By Beverly Churchill
Alaska Move to Amend 

The origins of corporate "Constitutional Rights"

 

May 1, 2022 | View PDF



May 10 is the 136th anniversary of the decision of the U.S. Supreme Court in the case of Santa Clara County vs. Southern Pacific Railroad Corp., 118 U.S. 394 (1886). This decision of the U.S. Supreme Court was purported to state that corporations (as opposed to natural persons) have constitutional rights under the 14th Amendment. The court did not actually decide this; the court reporter—a former railroad attorney—misrepresented the substance of the decision when he wrote the published headnotes.

The case nevertheless led to a long line of cases that further expanded the Constitutional rights of corporations, leading up to the 2010 case of Citizens United vs. the Federal Elections Commission, in which the court held that corporations have a constitutional right to spend unlimited amounts of money to influence elections.

The rights enshrined in the Constitution derive from the framers’ concept of the natural and inalienable rights of man. Such rights are foundational, prior to and superior to the authorities of government.

Corporations as we understand them today didn’t exist at the time the Constitution was framed. The framers, who had recently fought against the royally-chartered British East India Company (remember the Boston Tea Party?) surely had no intent to include corporations in their definitions of the rights of “people”. Unlike human people, corporations are creatures of statutory law, or artificial “persons”. The scope of corporate powers, authorities, privileges and obligations derive from statute and must remain subordinate to the authorities of the governing bodies that created them.

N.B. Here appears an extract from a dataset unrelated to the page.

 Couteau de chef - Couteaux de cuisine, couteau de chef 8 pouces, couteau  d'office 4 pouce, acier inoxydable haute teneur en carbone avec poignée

While it is entirely appropriate for courts to extend common law to address the scope of corporate privileges and obligations and define proper relations under the law between corporations, people and governments, it is not appropriate for them to invoke constitutional rights as the basis for their reasoning. Constitutional rights upset the proper hierarchical balance of power between corporations, governments and the people who reign supreme.

We the people can overturn the ruling of the five-justice majority by enacting a U.S. Constitutional Amendment clarifying that only human beings are entitled to constitutional rights. Further, the amendment should clarify that money is not speech, and therefore regulating political contributions and spending is not equivalent to limiting political speech.

If we succeed in passing such an amendment, the next step would be to convene a process to write a model statute that would translate the body of common law regarding corporate standing, rights, obligations and privileges into duly deliberated statutory law. The nuts and bolts of the process can be worked on, but it is up to the people to demand that it happen.

Beverly Churchill is a member of Alaska Move to Amend, whose mission includes educating Alaskans on constitutional issues regarding personhood and money as a form of free speech.